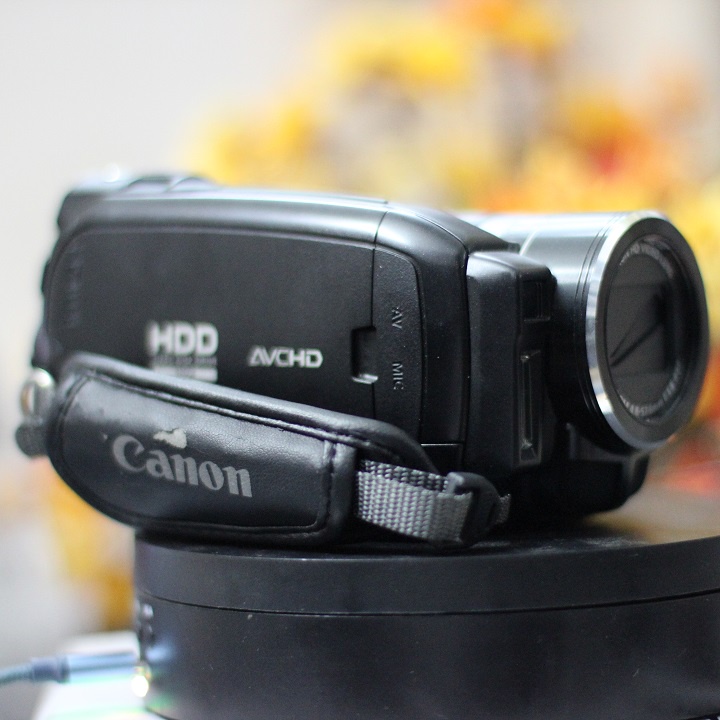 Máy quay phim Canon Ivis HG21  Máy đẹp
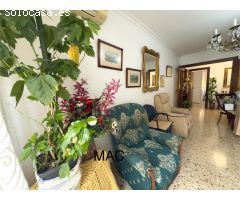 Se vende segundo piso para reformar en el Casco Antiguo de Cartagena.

....

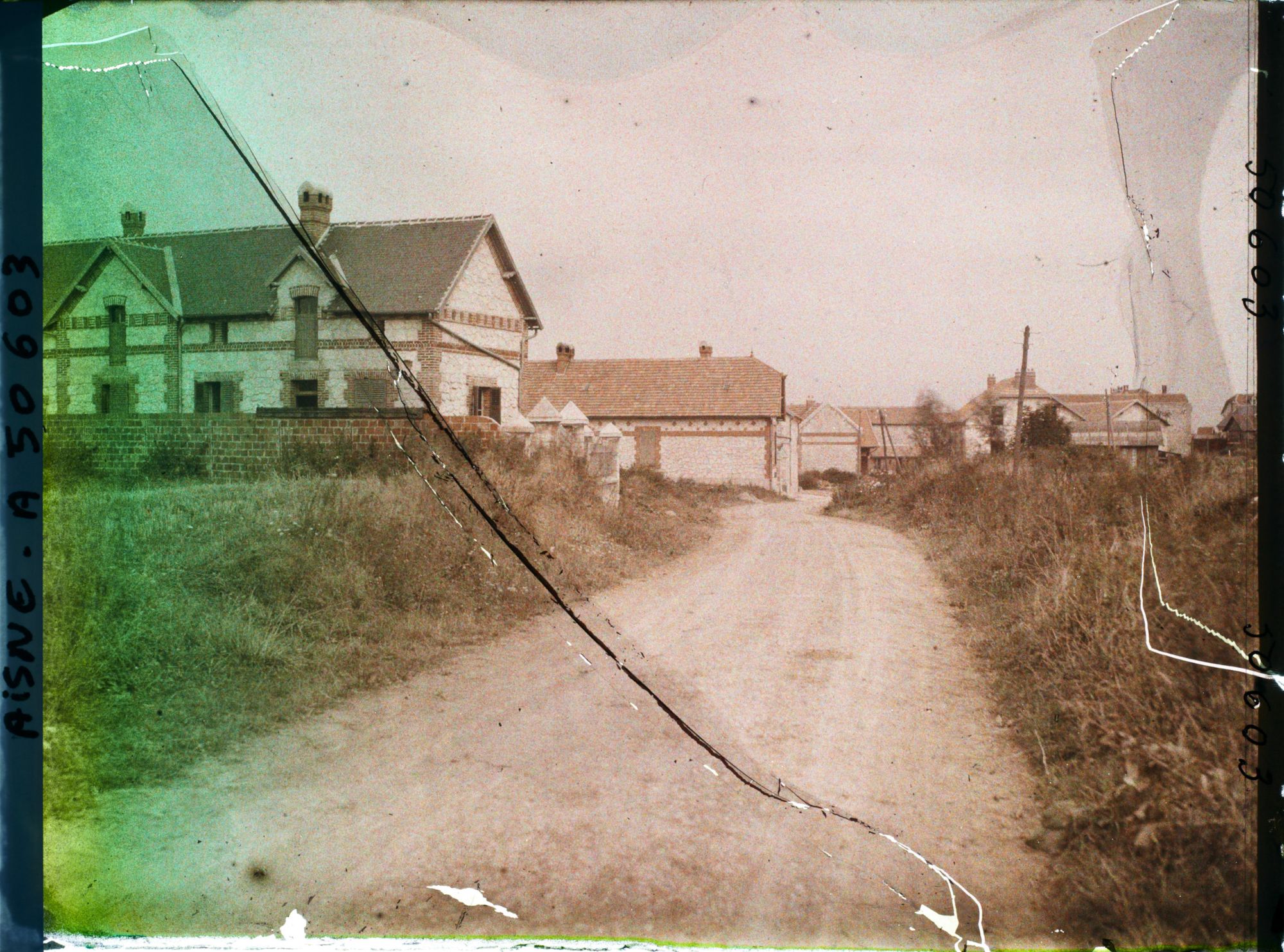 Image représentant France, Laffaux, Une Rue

....

_Your goal:_
Pictures in the entries do not go into the copy. Print only the lines starting at the one containing "Máy quay phim" and ending at the one containing "Se vende segundo", exactly as they appear.

_Your solution:_
 Máy quay phim Canon Ivis HG21  Máy đẹp
 Se vende segundo piso para reformar en el Casco Antiguo de Cartagena.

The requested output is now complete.